# Lowrance Handheld GPS



## Ultraman (Feb 9, 2004)

Im going to purchase on of the units this weekend(Hunt c, Expedition). I want the electronic compass, voice recorder, which I know the Hunt and Expedition have. Why is the Hunt more expensive, whats the difference between the hunt and expedition? Im sure the Hunt c has more hunting icons on it. Does the Hunt c have any fishing icons? I hunt and fish so I need it to have both hunting and fishing icons. Just trying figure out why the cost difference. Thanks


----------



## waterfoul (May 18, 2005)

Check for yourself:

Expedition:

http://www.lowrance.com/en/Products/Outdoors/iFINDER-Expedition-C/

Hunt:

http://www.lowrance.com/en/Products/Outdoors/iFINDER-Hunt-C/


----------



## Hotwired (Jan 24, 2001)

Ultraman said:


> Im going to purchase on of the units this weekend(Hunt c, Expedition). I want the electronic compass, voice recorder, which I know the Hunt and Expedition have. Why is the Hunt more expensive, whats the difference between the hunt and expedition? Im sure the Hunt c has more hunting icons on it. Does the Hunt c have any fishing icons? I hunt and fish so I need it to have both hunting and fishing icons. Just trying figure out why the cost difference. Thanks


We are raffleing off an Expidition at the LSCWA meeting on Dec.17th.
Try your luck for $20 before you buy a new one.

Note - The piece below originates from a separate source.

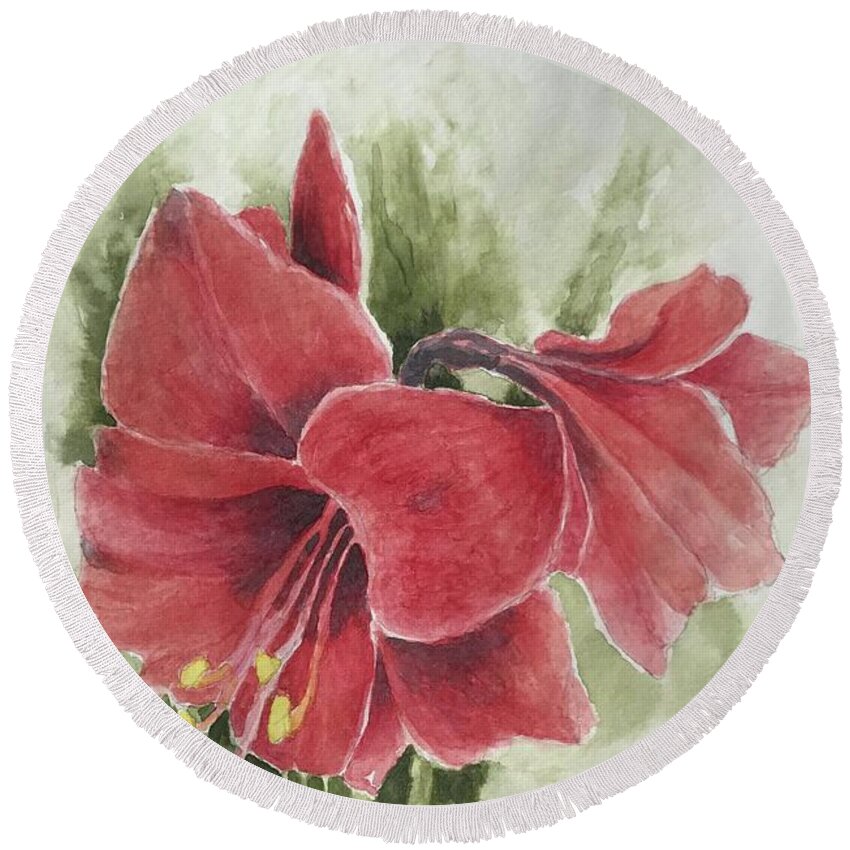 Amaryllis Round Beach Towel featuring the painting Amaryllis by Milly Tseng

http://www.michigan-sportsman.com/forum/showthread.php?t=252770&highlight=ifinder


----------



## TroutSeeker71 (Mar 24, 2008)

I have the Expedition C and absolutely love it! Got mine on amazon.com for $209 this summer. It has enough icons that you won't know what to do with them all! I use the deer head and treestand icons for hunting, and the large/small fish to distinguish different species when on the lake or stream. Drop the $ for the MapCreate 7.0 and you are in business! I travel a lot of Michigan and have yet to find myself in any sticky situation. You'll love it.


----------



## dangerousdanmcgrew (Apr 14, 2006)

I am considering getting one of these units and was curious what your experience has been with acquiring satellites in heavy canopy? I hunt the Western UP and get into some pretty thick stuff there.


----------



## chad 1 (Jan 23, 2001)

I have the hunt c and love it. I hunt the western side of the u.p and never had a problem with signal.
If you want lake depths you will have to get the Lakemasters promaps card.
$106 at jays. I just got one 2 weeks ago.


----------